C’est la deuxième fois depuis le début de l’année que le Conseil d’Etat, la plus haute juridiction administrative de France, s'est prononcé sur une question ayant trait à la laïcité. Quelques semaines avant les fêtes de Noël, il a répondu par la négative, mercredi 9, à la question suivante: "Une crèche de Noël est-elle un signe ou emblème religieux dont l'installation dans un bâtiment ou emplacement public est systématiquement interdite par les dispositions de la loi du 9 décembre 1905 garantissant le respect du principe de laïcité?".

Autrement dit, les crèches qui sont parfois installées dans les bâtiments officiels publics, notamment les mairies où les hôtels de département, ne vont pas à l'encontre de la laïcité à la française. Elles sont considérées comme l’expression d’une tradition française qui dépasse largement le strict cadre spirituel.

Cette décision porte une responsabilité symbolique et juridique forte: harmoniser la jurisprudence sur la question des crèches, pour laquelle les tribunaux administratifs n’arrivent pas encore à se mettre d’accord. Le Conseil d’Etat intervient en effet pour trancher entre deux décisions rendues en cour administrative d’appel, arrivant à deux conclusions différentes… le même mois. En octobre 2015 en effet, la cour administrative d’appel de Paris avait donné raison à une association de "libre penseurs" qui avait attaqué devant la justice l’installation d’une crèche dans la mairie de Melun (Seine-et-Marne) arguant d’une atteinte à la laïcité. Mais ce même mois, la cour administrative d’appel de Nantes avait considéré que la crèche hébergée dans les locaux du conseil général de Vendée n’avait pas de dimension prosélyte particulière et s’inscrivait dans une "tradition relative à la préparation de la fête familiale de Noël".

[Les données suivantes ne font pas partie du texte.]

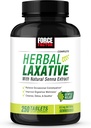 FORCE FACTOR Bylinné pre Zápcha Relief pre dospelých, Trávenie doplnok Vyrobené so Sennou na čistenie, Detox, a Soothe, Laxatíva pre zápcha pre ženy a mužov, 250 tabliet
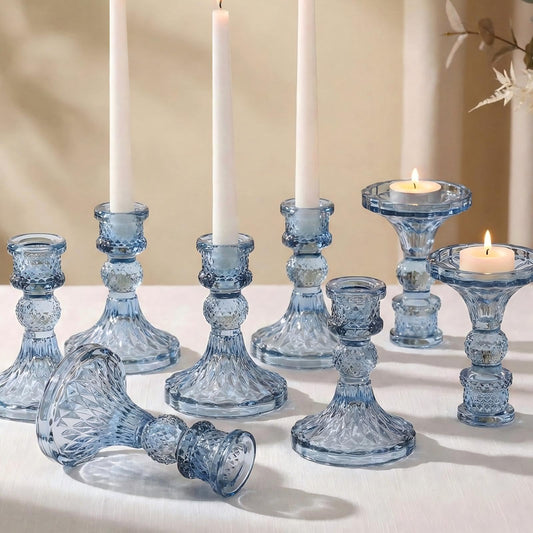 Simeitol Glass Candle Holder Set of 12, Blue Taper Candle Holders Bulk, Vintage Candlestick Holders, Candle Stick Holder for Table Centerpieces, Wedding, Festival & Home Decor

Autant dire que le rapporteur public Aurélie Bretonneau n’avait pas eu une tâche aisée lorsqu’elle a dû rendre le 21 octobre ses conclusions devant l’assemblée des 17 juges qui devait rendre une décision. Selon le fonctionnement du Conseil d’Etat en effet, le rapporteur doit rendre des conclusions après une étude minutieuse de l’affaire, conclusions qui sont généralement suivies. Mais pas nécessairement.

Aurélie Bretonneau, dans ses conclusions particulièrement prudentes, estimait que le principe de neutralité du service public n’était pas incompatible avec l’installation d’une crèche tant qu’il ne s’agit pas d’un "geste de reconnaissance d’un culte".

Question: à quel niveau considère-t-on alors que l’on est face à la reconnaissance d’un culte? Le rapporteur a tenté de définir quelques limites: l'installation doit être temporaire, être présentée "dans le temps festif lié à la célébration de Noël", et ne doit en aucun cas être accompagnée d'une "initiative teintée de prosélytisme religieux". Le tout doit présenter le "caractère d'une manifestation culturelle, ou à tout le moins festive".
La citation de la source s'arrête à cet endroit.